Mondays are notorious for not being the best day of the week! I lost the vision in my left eye for a couple of minutes today. About twenty years ago I had become blind in my left eye due to a cataract. About eighteen years ago my sight was restored in that eye when I had the cataract removed. Brill! Today I rubbed my eyes and lost the sight in my left eye again. It was like trying to see through thick cellophane, just like a cataract. My vision returned after about two or three minutes. Phew! It’s still good.
Then I was asked to fill out an online questionnaire. It was about health and wellbeing. I was doing quite well until I got to the bit about traumatic events experienced in my life and how they have affected me.
I went through the agony of vividly replaying in my mind, watching as a five or six year old, another child of the same age being slowly crushed to death against a brick wall by a the wheel rim of a slow moving lorry (truck). Blood! The child had tried to squeeze through the gap as the truck tried to manoeuvre around a corner where we were. Painful memories. Tears! Aaargh!!!
The survey also went on to ask: Other than rape, were you sexually assaulted or molested? What? I’ve only just started talking about this upon hearing about someone else’s demise. The survey asked at what age did the sexual molestation begin and at what age did it end? And how many times was I sexually molested? Tearing up once more I wracked my brains to recall events from almost fifty years ago! I suppose it was between the ages of ten and twelve. Maybe thirty times? But it was probably more, much more!
I’ve been walking around with this smelly sludge sloshing around in the dark bilges of my mind from pre to post pubescence! Yes, I had told my wife about it years ago and maybe one of my sisters a couple of years ago. But that was about it until recently. Recently I have told about five or six others about this. Man, speaking about it has made me feel better! None of what happened to me was my fault!
But back to the survey… The questionnaire asked how these painful memories were affecting me. Through the tears I ticked the appropriate boxes as I sobbed and blew my runny nose into tissues. Then running both (seeing!) eyes over the page again in order to make sure I had answered all the questions I was ready to move on to the next page.
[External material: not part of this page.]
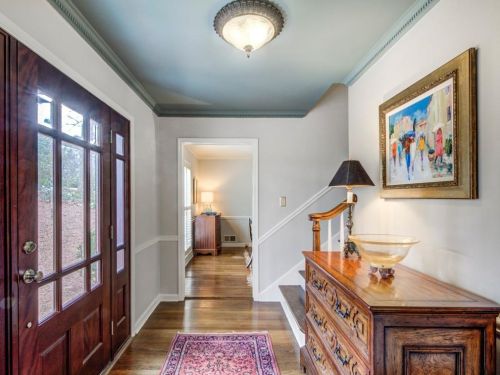 330 Highbrook Dr, Atlanta GA  30342-2315 exterior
I pressed the button on the screen hoping the questions on the next page would be somewhat less painful than what I had just gone through. No-o-o! It wanted me to “sign in” again. Somehow all the previous data had been irretrievably lost!
I may try again tomorrow but I’m not looking forward to going through all of those painful questions again. But then again, upon reflection, talking about it is helping me to face up to my demons… Begone! Tomorrow's a new day!
Lord Jesus, I trust You. You alone are my hope. You are my Rock. You are my solace. You are my Light in the dark place. Help me to dwell always in the light, Your light. And I thank You that all wrongs will be righted upon Your return!